I looked into this a while back when we were talking about changing the
sampling method. The conclusions were discouraging. Fundamentally, using
constant sized samples of data for n_distinct is bogus. Constant sized samples
only work for things like the histograms that can be analyzed through standard
statistics population sampling which depends on the law of large numbers.
n_distinct requires you to estimate how frequently very rare things occur. You
can't apply the law of large numbers because even a single instance of a value
out of a large pool alters the results disproportionately.
To get a valid estimate for n_distinct you would need to sample a fixed
percentage of the table. Not a fixed size sample. That just isn't practical.
Moreover, I think the percentage would have to be quite large. Even if you
sampled half the table I think the confidence interval would be quite wide.
The situation is worsened because it's unclear how to interpolate values for
subsets of the table. If the histogram says you have a million records and
you're adding a clause that has a selectivity of 50% then half a million is a
good guess. But if what you care about is n_distinct and you start with a
million records with 1,000 distinct values and then apply a clause that
filters 50% of them, how do you estimate the resulting n_distinct? 500 is
clearly wrong, but 1,000 is wrong too. You could end up with anywhere from 0
to 1,000 and you have no good way to figure out where the truth lies.

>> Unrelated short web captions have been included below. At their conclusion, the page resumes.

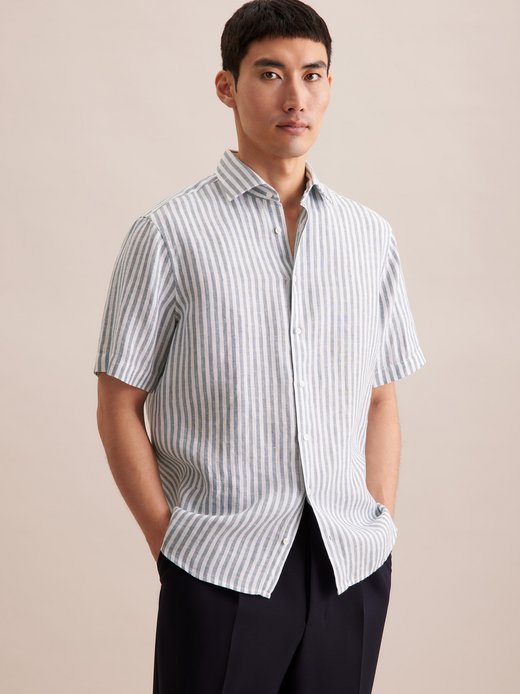 Herren Business Hemd - Streifen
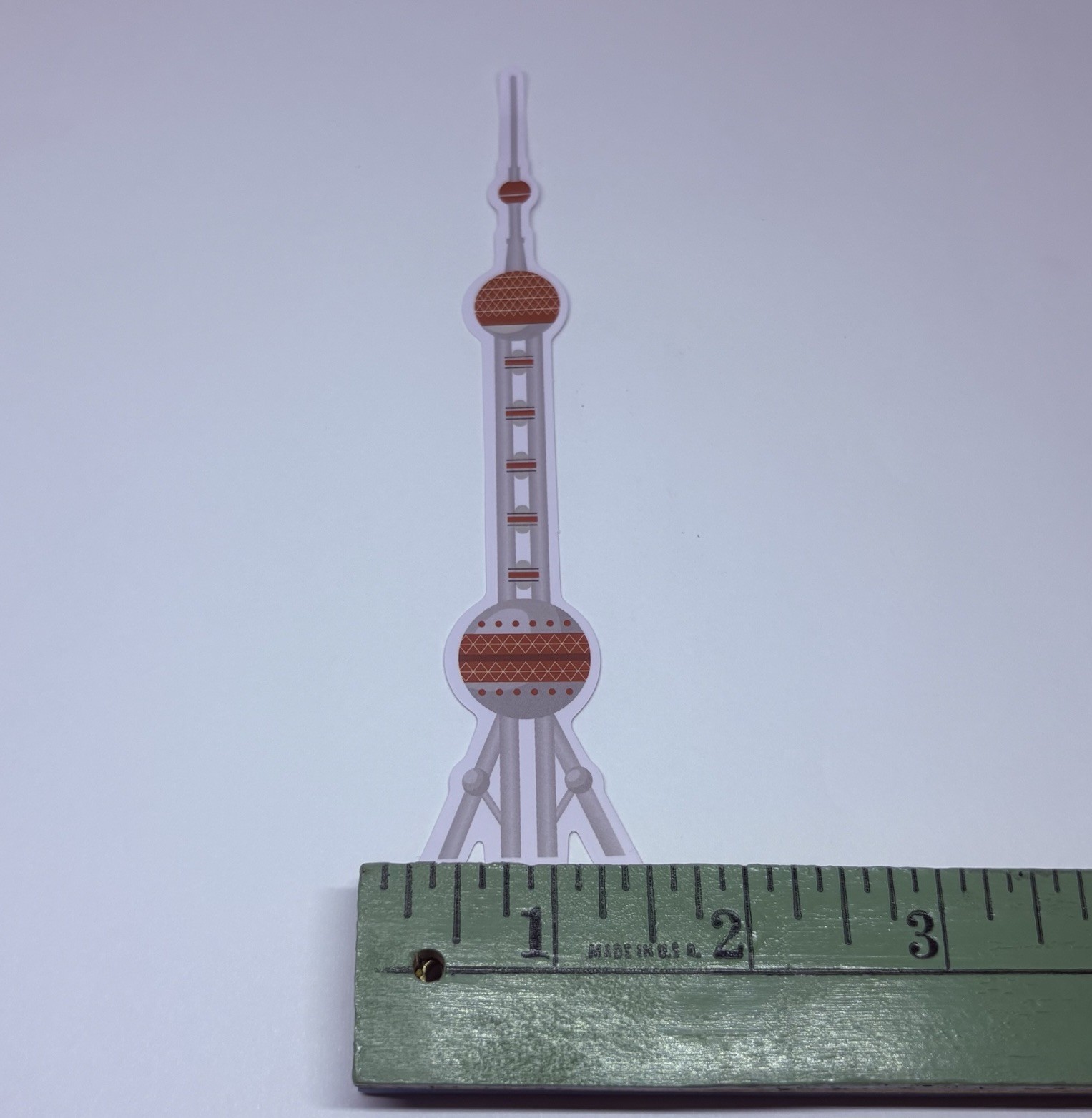 Oriental Pearl Tower Sticker China Travel Art Decal Vinyl Country Souvenir 6” P4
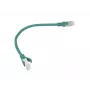 Pataisos laidas CAT.6 UTP LANBERG PCU6-20CC-0025-G — 0,25 m, RJ-45 kištukas-kištukas, CCA, 250 MHz, žalias, 10 vnt.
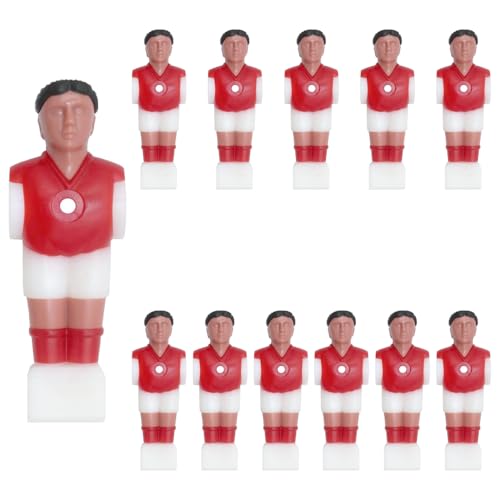 POFET Lot de 12 pièces de football de table pour homme – Accessoires de baby-foot – Parfait pour les joueurs de tournoi – Pièces de rechange Rouge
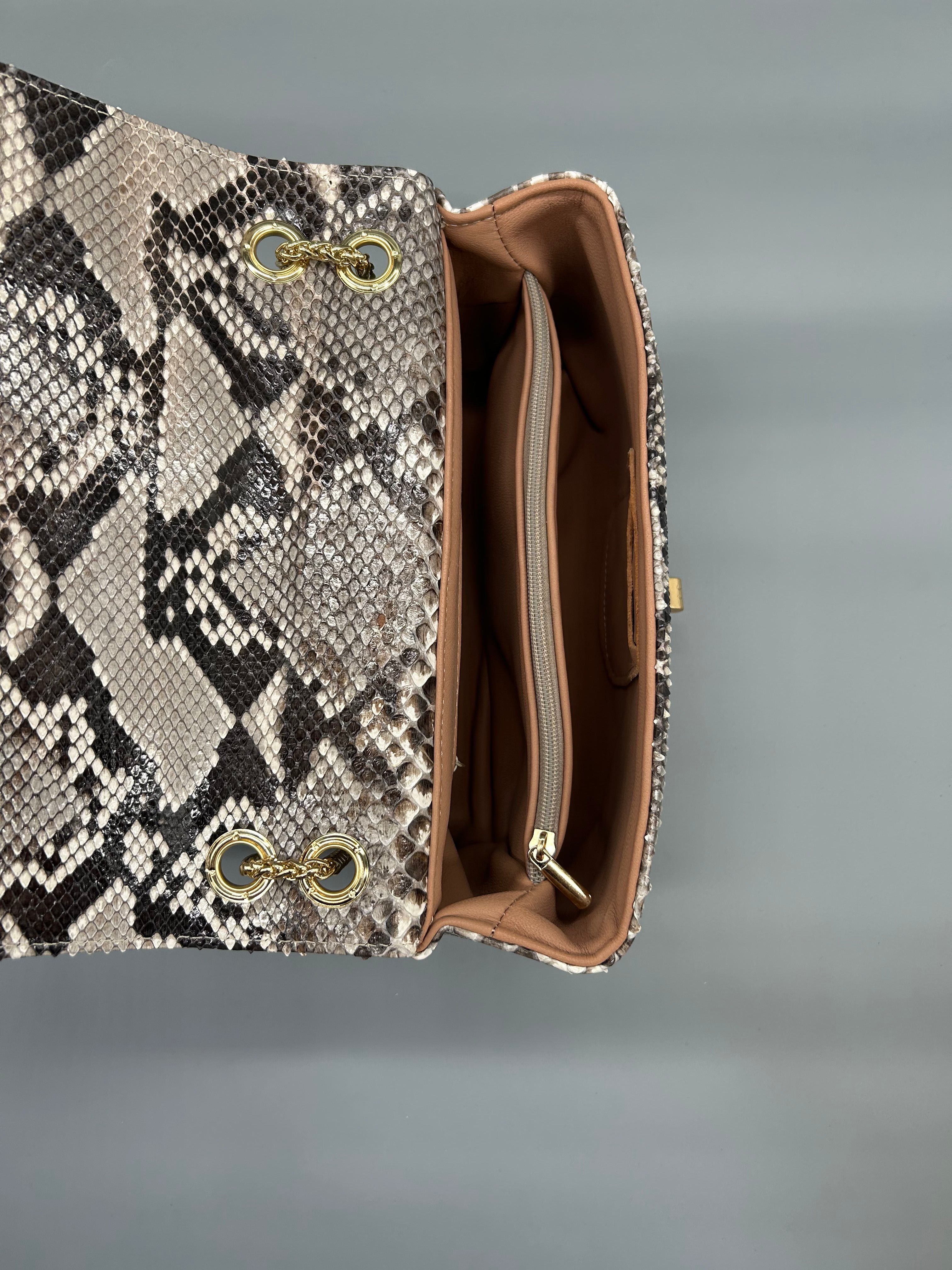 Borsa in pelle di pitone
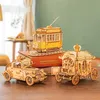 Rolife Puzzle 3D en bois Tram / Tramway Voir les images du produit 23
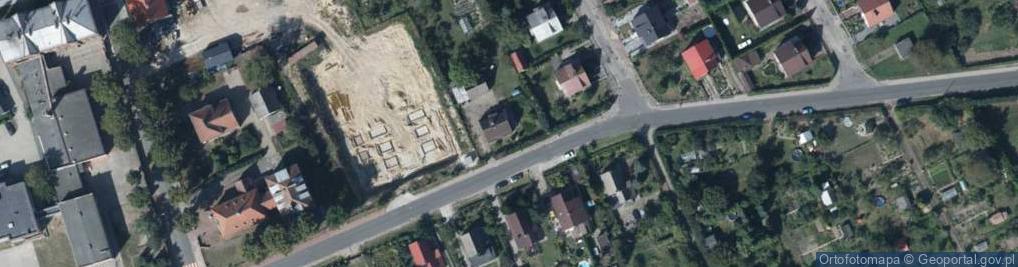 Zdjęcie satelitarne Polskiego Czerwonego Krzyża ul.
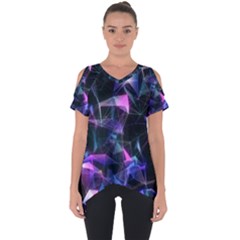 Abstract Atom Background Cut Out Side Drop Tee by Mariart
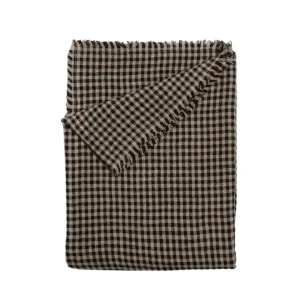 Plaid MOGA de lino 100% natural de cuadros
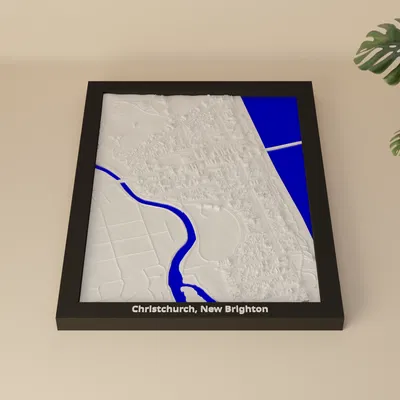Christchurch, New Brighton, New Zealand - Mô hình 3D thu nhỏ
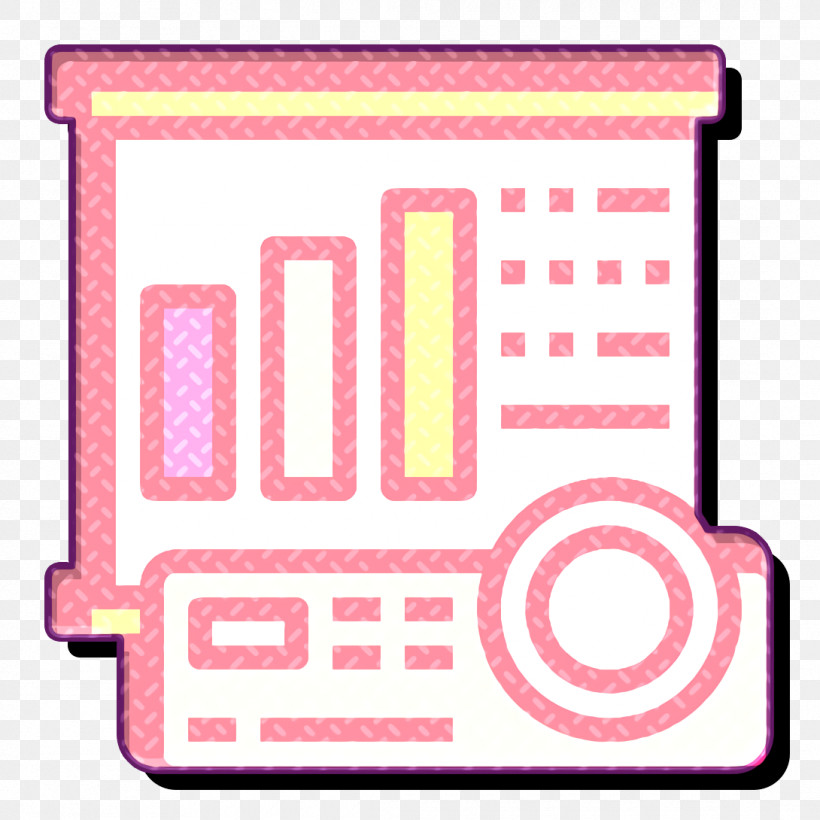 Projector Screen Icon Projector Icon Office Stationery Icon, PNG, 1090x1090px, Projector Screen Icon, Line, Office Stationery Icon, Pink, Projector Icon Download Free
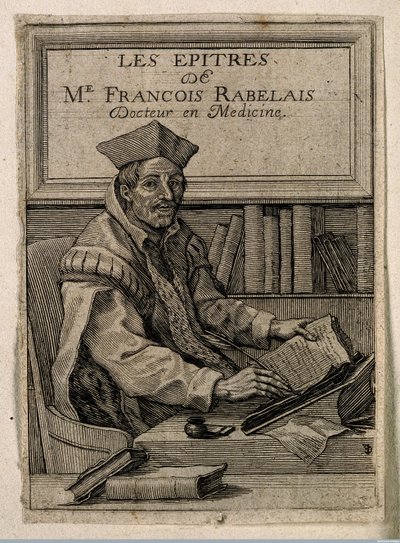 Ritratto di François Rabelais (1494-1553) da Anonymous Anonymous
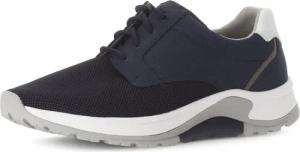 Gabor Rollingsoft Keilsneaker, Freizeitschuh, Halbschuh, Schnürschuh mit Ziernähten, G-Weite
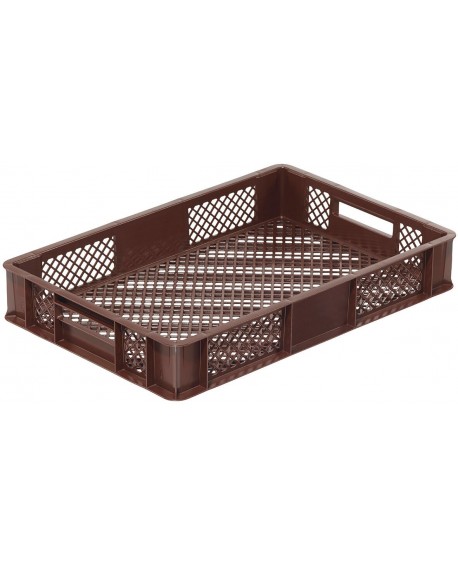 bac ajouré spécial BP 600x400 hauteur 10 cm marron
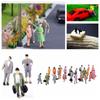Scale DIY Mixed Color Pose Scale Model Character Model People Figures Plastic People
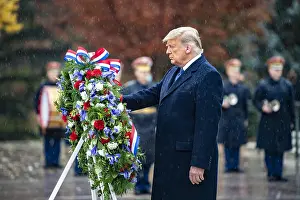 Band Prints: President Donald Trump at the Wreath-Laying Ceremony at the Tomb of the Unknown Soldier
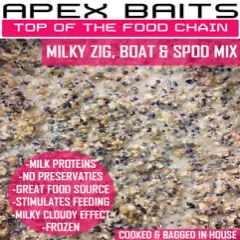 Prepared Cloudy Milky Zig & Spod & Bait Boat Mix Particle Carp Fishing 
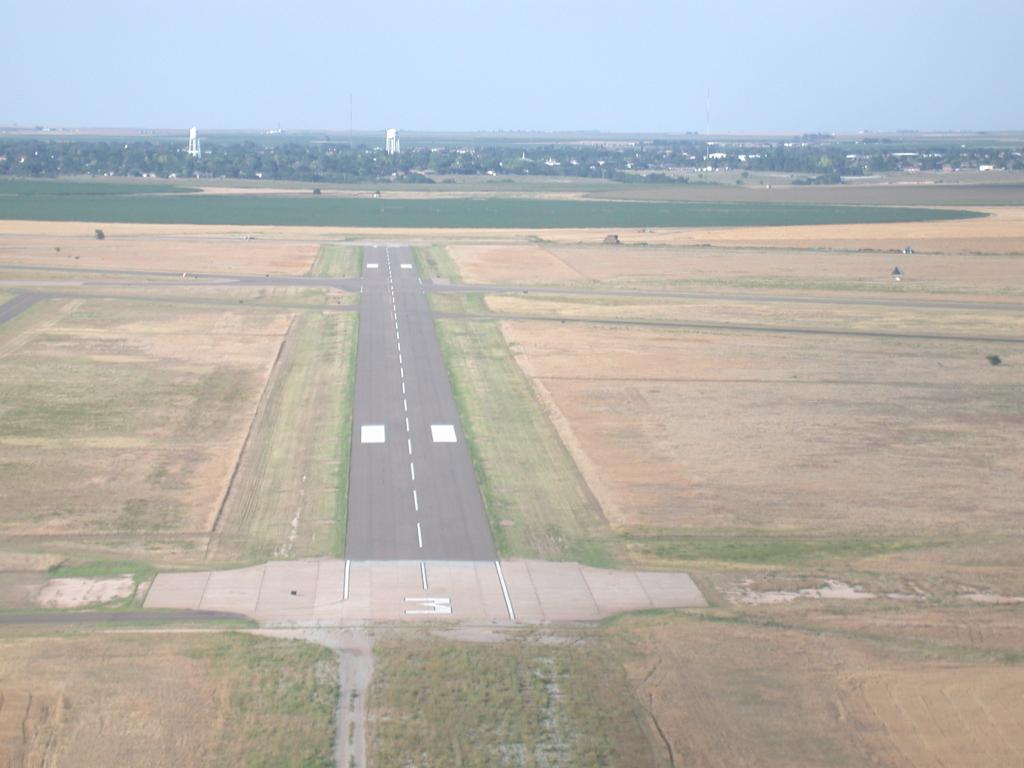 The runway at Dalhart, TX (DHT)
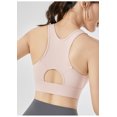 thumbnail image 3 of Sujetadores deportivos de malla sin costuras para mujer, ropa interior para Fitness, gimnasio, correr, sujetador a prueba de golpes, inalámbrico, Top corto de talla grande 6XL, sujetador de Yoga trans, 3 of 4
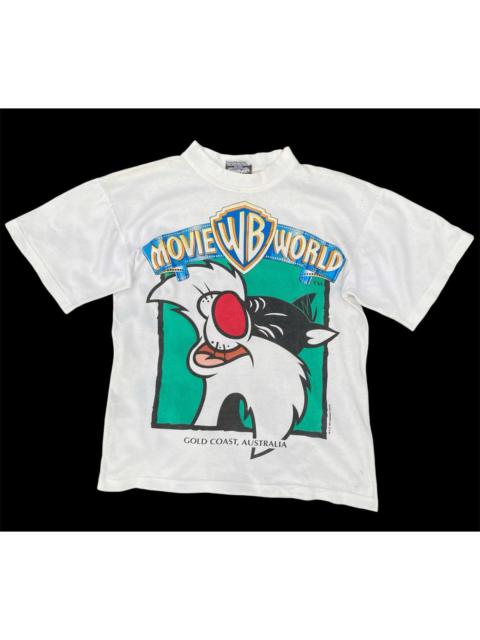 Other Designers Vintage 1993 Movie World Gold Coast Australia Tees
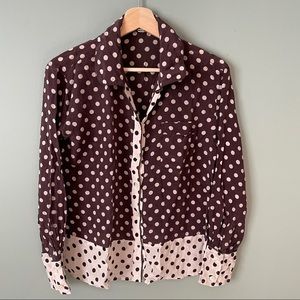 J Crew Womens Silk Pajama Top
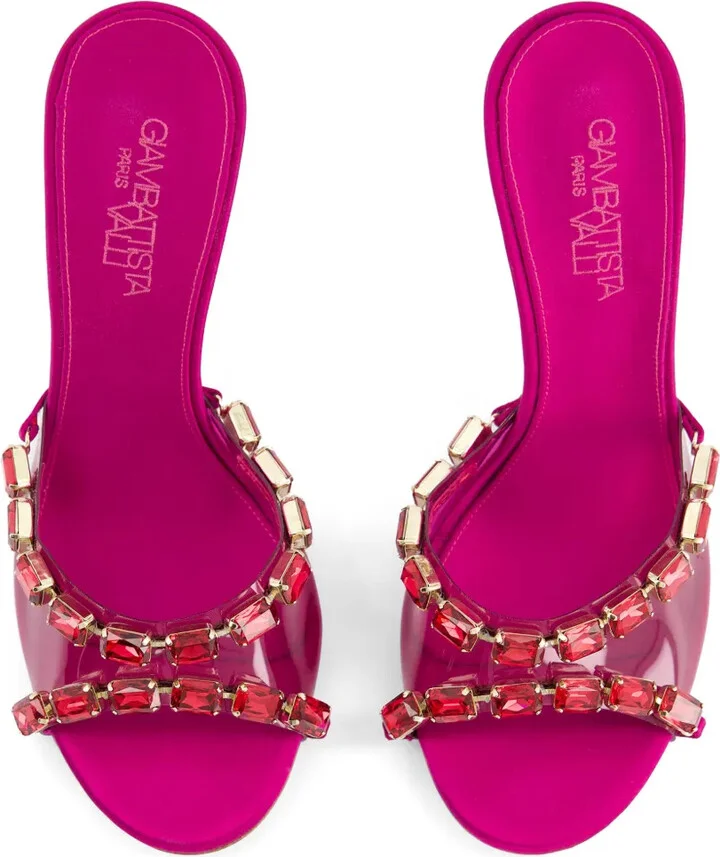 90mm Crystal-Embellished Sandals - Image 3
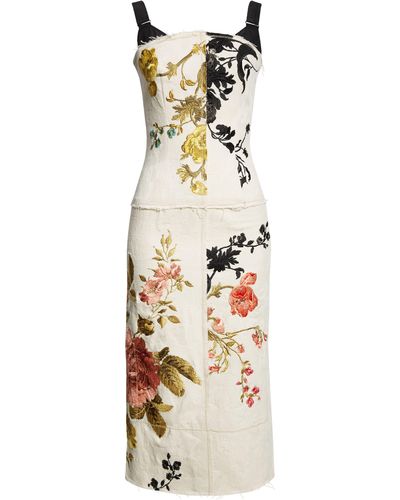 Erdem Embroidered Cotton & Silk Cocktail Dress - Multicolor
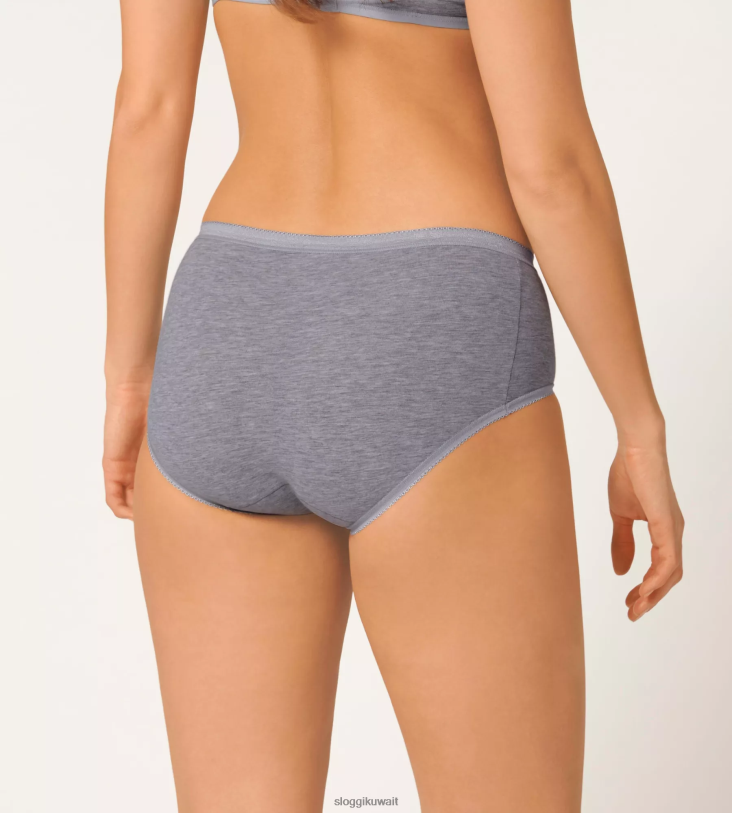 كلسون | sloggi الأساسية + كلسون ميدي نحيف مزيج رمادي Z6Z2B598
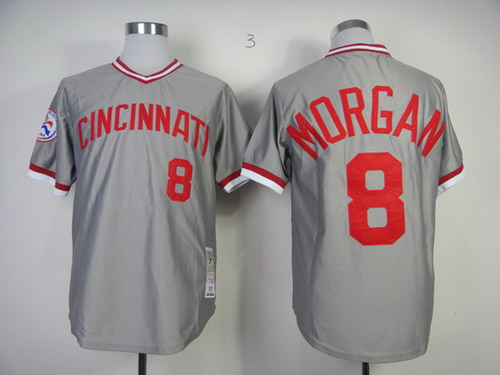 Cincinnati Reds #8 Joe Morgan 1976 Gray Throwback Jersey Cincinnati Reds #8 Joe Morgan 1976 Gray Throwback Jersey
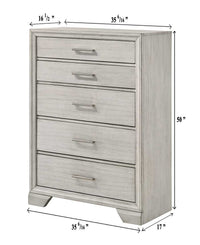 JAYMES B6582K-5P (7-Piece Bedroom Set)
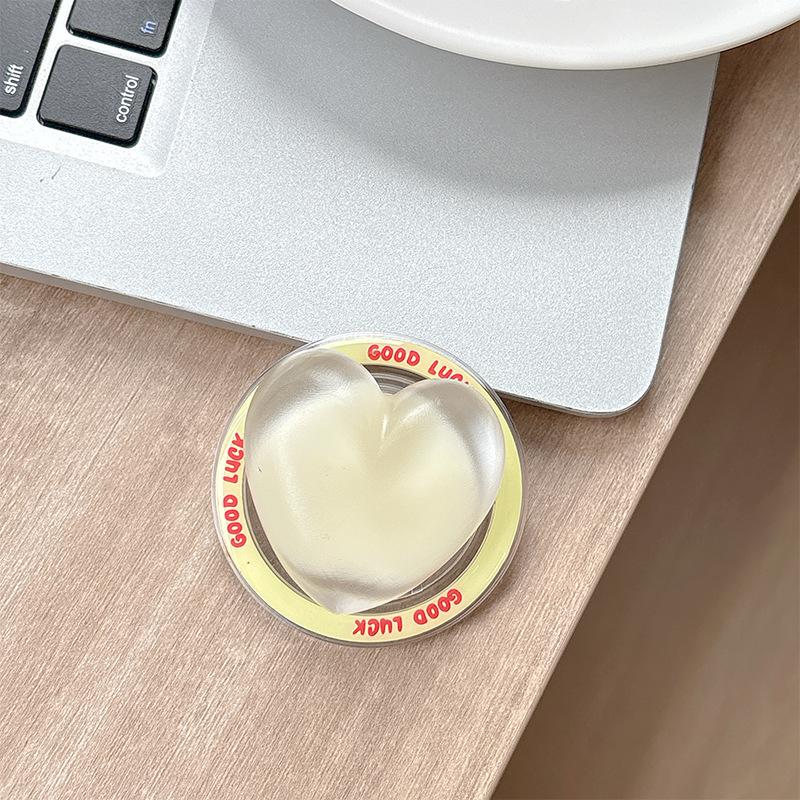 Transparent Love Sandwich Solid Color Mobile Phone Airbag Bracket Magnetic Suction Wind Lazy Portable Desktop Support Frame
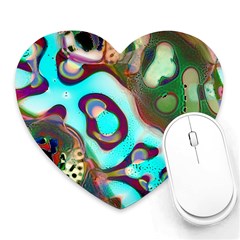 Multiscale Turing Pattern Recursive Coupled Stone Rainbow Heart Mousepads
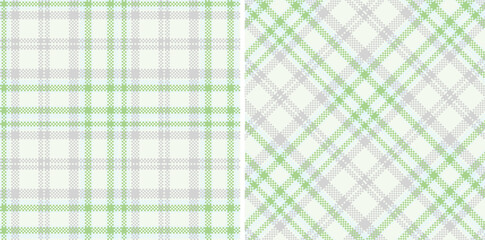 Spring Seamless Madras Plaid featuring Neon Off White and Vivid Ice Blue Textile Design
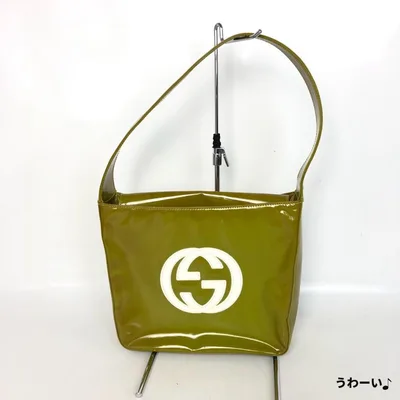 GUCCI Interlocking G กระเป๋าสะพายข้างหนังสิทธิบัตร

So I fear this is fundamentally a hopeless situation. It's going to be
difficult to consistently get good plans for any queries that depend on good
estimates for n_distinct.
--
greg
Greg,
I looked into this a while back when we were talking about changing the
sampling method. The conclusions were discouraging. Fundamentally, using
constant sized samples of data for n_distinct is bogus. Constant sized
samples only work for things like the histograms that can be analyzed
through standard statistics population sampling which depends on the law of
large numbers.
Well, unusual distributions are certainly tough. But I think the problem
exists even for relatively well-distributed populations. Part of it is, I
believe, the formula we are using:
n*d / (n - f1 + f1*n/N)
This is an estimation formula from Haas and Stokes in IBM Research Report RJ
10025, and is called the DUJ1 formula.
(http://www.almaden.ibm.com/cs/people/peterh/jasa3rj.pdf) It appears to
suck. For example, take my table:
rows: 26million (N)
distinct values: 3.4million
I took a random sample of 1000 rows (n) from that table. It contained:
968 values that occurred only once (f1)
981 distinct values (d)
Any human being looking at that sample would assume a large number of distinct
values; after all, 96.8% of the values occurred only once. But the formula
gives us:
1000*981 / ( 1000 - 968 + ( 968 * 1000/26000000 ) ) = 30620
This is obviously dramatically wrong, by a factor of 100. The math gets worse
as the sample size goes down:
Sample 250, 248 distinct values, 246 unique values:
250*248 / ( 250 - 246 + ( 246 * 250 / 26000000 ) ) = 15490
Even in a case with an ovewhelming majority of unique values, the formula gets
it wrong:
999 unque values in sample
998 appearing only once:
1000*999 / ( 1000 - 998 + ( 998 * 1000 / 26000000 ) ) = 490093
This means that, with a sample size of 1000 a table of 26million rows cannot
ever have with this formula more than half a million distinct values, unless
the column is a unique column.
Overall, our formula is inherently conservative of n_distinct. That is, I
believe that it is actually computing the *smallest* number of distinct
values which would reasonably produce the given sample, rather than the
*median* one. This is contrary to the notes in analyze.c, which seem to
think that we're *overestimating* n_distinct.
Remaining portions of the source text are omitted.